# I'm in trouble...



## bricycle (Mar 12, 2015)

enjoy me while you can....
*** Make sure you check your cycle hanging hooks, especially if you park a car under them. (need I say more) ***
Yup... a small bike, 3 wheels 3 tires and a garden sprayer (less than 50 lbs for sure) fell onto my wifes newish car.

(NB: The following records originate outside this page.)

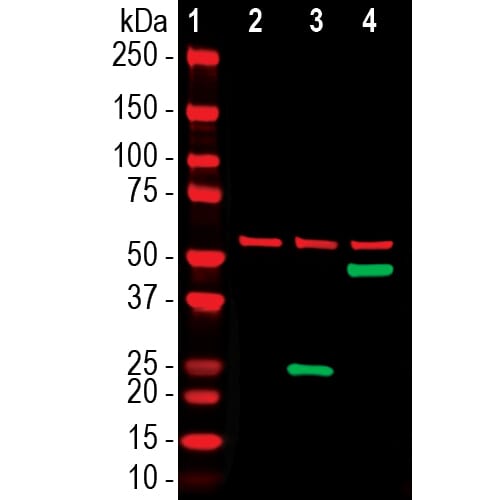 Western blot analysis of HEK293 cell lysates using Anti-Cas-phi Antibody [5F95] (A270595), dilution 1:1,000, in green. The lanes contain: <b>[1]</b> protein molecular weight standard, <b>[2]</b> non-transfected cells, <b>[3]</b> cells transfected with pCI-Neo-Mod vector containing full length Cas-phi cDNA, and <b>[4]</b> cells transfected with pCI-Neo-GFP vector containing full length Cas-phi cDNA. The band at about 90 kDa demonstrates expression of Cas-phi protein, and the band at about 120 kDa corresponds to GFP-Cas-phi fusion protein.
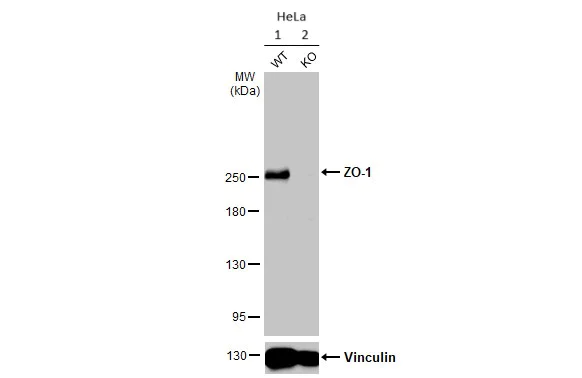 Western blot - Anti-ZO-1 antibody [HL1185] (AB307799)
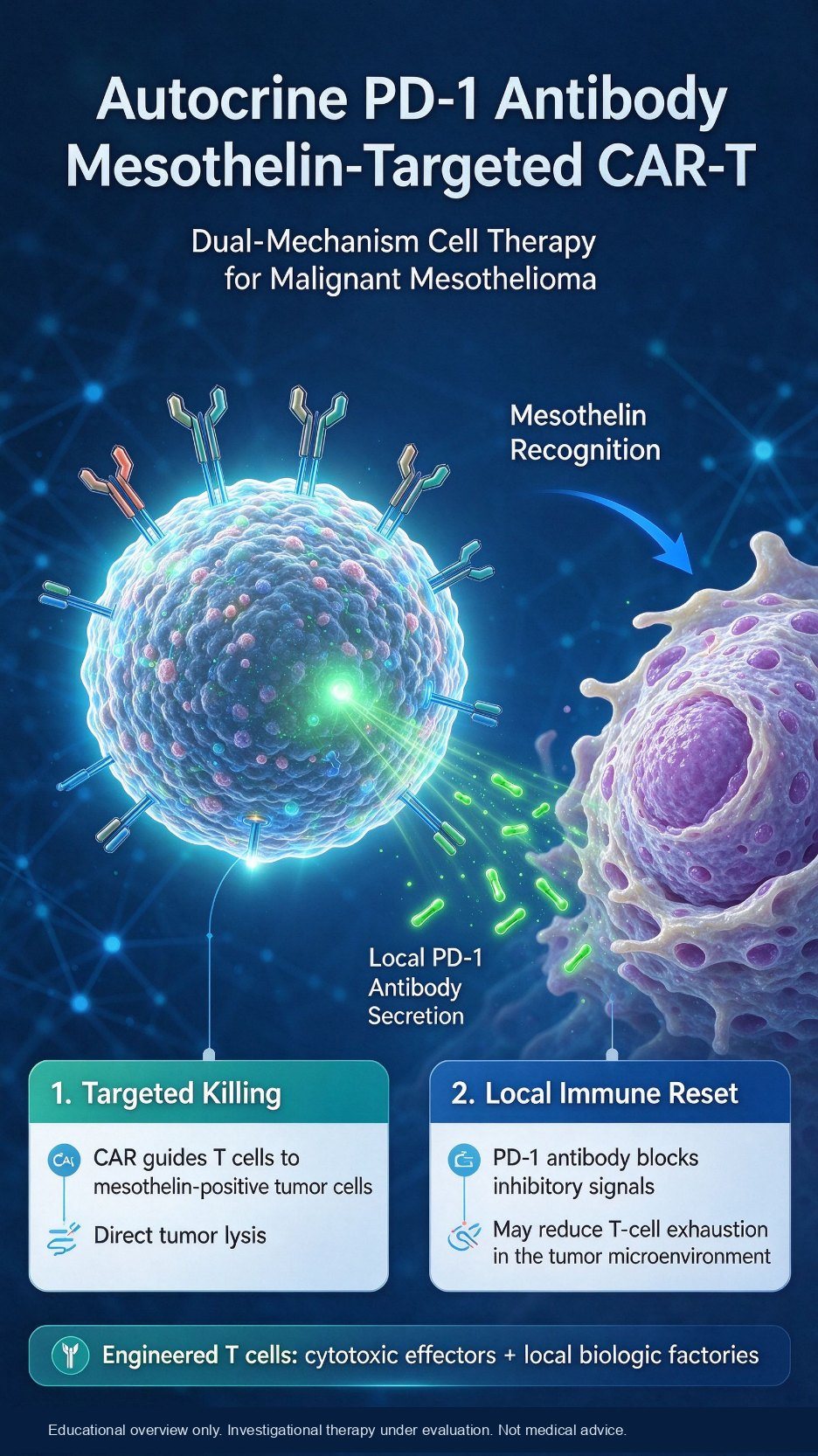 The CAR-T recognizes mesothelin and kills tumor cells, while secreting a PD-1 antibody locally to push back immune suppression inside the solid tumor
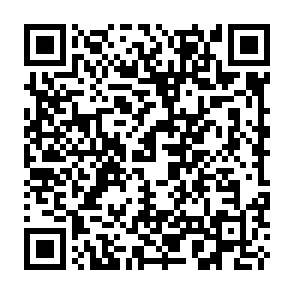 WormLocker virus QR code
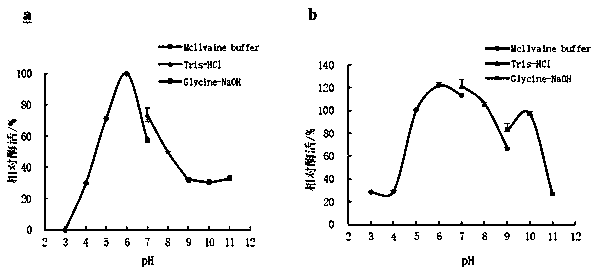 Chitinase derived from marine environment and gene thereof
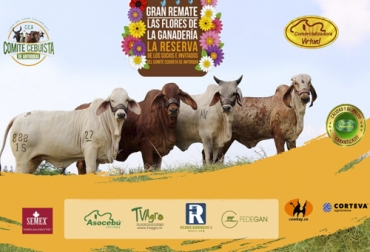 Este es el cuarto remate que será transmitido por Comercializadora Virtual, que en esta ocasión fue organizado por el Comité Cebuista de Antioquia. Foto: Cortesía Remate comercializadora virtual, Comité Cebuísta de Antioquia, Flores de la ganadería 2020, Remate Flores de la Ganadería, remates virtuales, subastas colombia, venta de ganado Colombia, venta de ganado cebú en Colombia, remates de ganado cebú, Federación Colombiana de Ganaderos, fedegan, la Asociación Colombiana de Criadores de Ganado Cebú, Asocebú, el canal TV Agro, coronavirus, coronavirus Colombia, COVID-19, cuarentena, Ganadería, ganadería colombia, noticias ganaderas, noticias ganaderas colombia, CONt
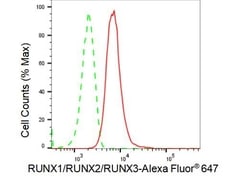 Invitrogen RUNX1/RUNX2/RUNX3 Recombinant Rabbit Monoclonal Antibody (23GB4800),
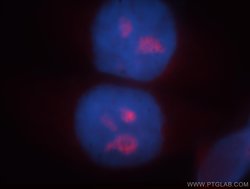 1A6/DRIM Rabbit anti-Human, Mouse, Rat, Polyclonal, Proteintech:Antibodies:Primary
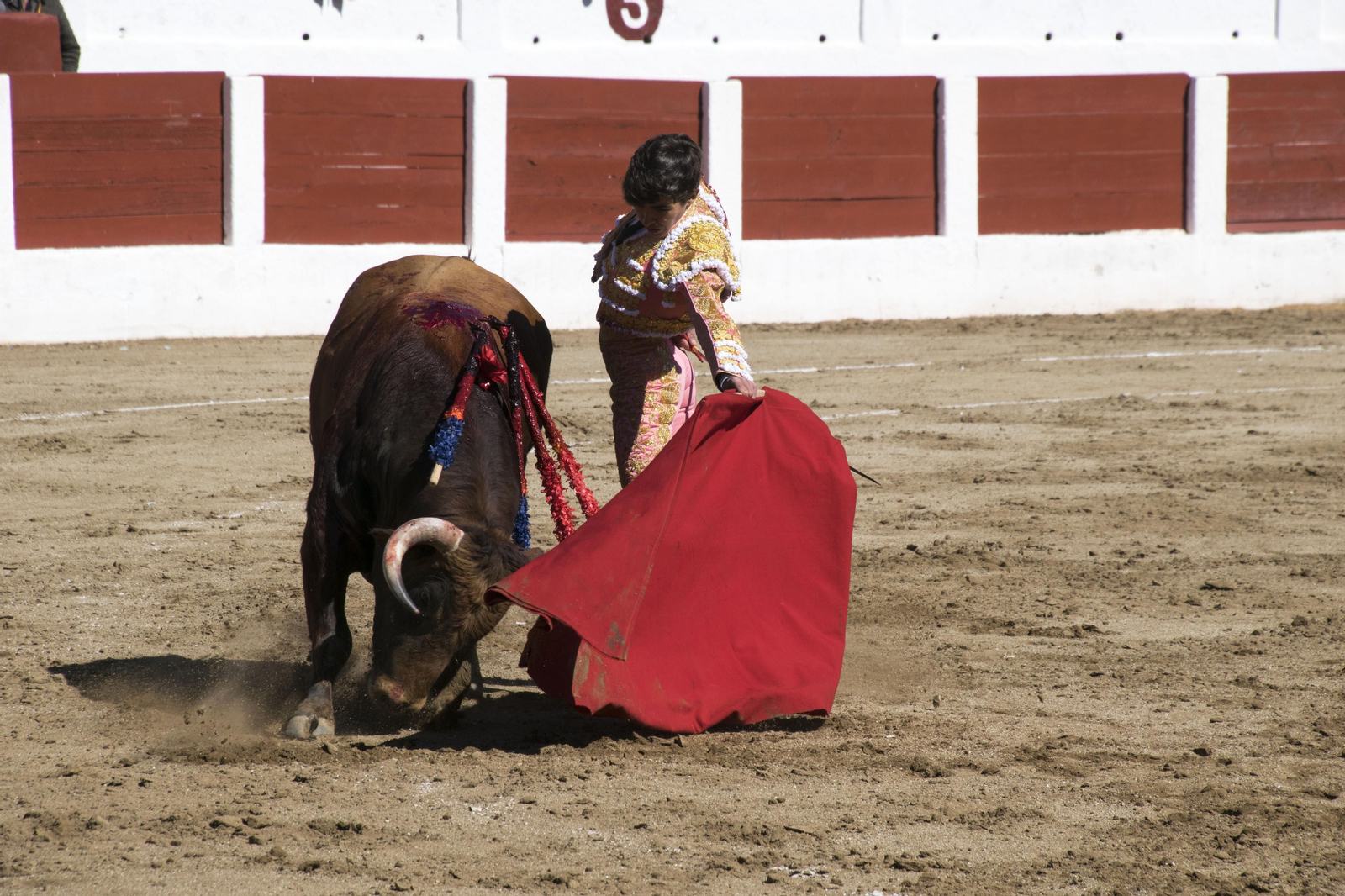 El triunfo del novillero Manuel Román en Linares, en imágenes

.... anyone want to buy a bike collection for cost????


----------



## Iverider (Mar 12, 2015)

OH NO! Buy her a bike...no need for a car! It's warmin' up


----------



## fordmike65 (Mar 12, 2015)

Might need to buy her a new husband at this point


----------



## partsguy (Mar 12, 2015)

*TIM!!! What did you do?!*

You dropped a beam on it?! TIM!!! 

[video=youtube;_7eYpGnNejY]https://www.youtube.com/watch?v=_7eYpGnNejY[/video]


----------



## the tinker (Mar 12, 2015)

Cant say enough about the bad steel thats in some of these hooks and screws for hanging bikes. I had a hook snap and the falling schwinn  almost got me. happened as I was hanging it up between the rafters on two hooks. the first hook broke off as I was trying to hang the back wheel on the second hook.  knocked me off a step ladder.    better the car then you or the wife. china made junk, i dont trust any of it.   best of luck to you, take her out to dinner tonight.............


----------



## Robertriley (Mar 12, 2015)

That sucks Bri, sorry to here that.


----------



## Greg M (Mar 12, 2015)

Time to go on the offensive.  How dare she crash her car into your stuff!


----------



## Boris (Mar 12, 2015)

Bummer Bri. Sounds like it's going to be "her wish is your command" for a while.


----------



## tommydale1950 (Mar 12, 2015)

Just tell her " I told you not to put the sprayer up there..."


----------



## vincev (Mar 12, 2015)

Bike gonna be ok?


----------



## videoranger (Mar 12, 2015)

OH OH, better get MAACO!.


----------



## 37fleetwood (Mar 12, 2015)

start with flowers, move to dinner, then present a gift certificate for a day spa at dinner. :o


----------



## Robertriley (Mar 12, 2015)

Greg M said:


> Time to go on the offensive.  How dare she crash her car into your stuff!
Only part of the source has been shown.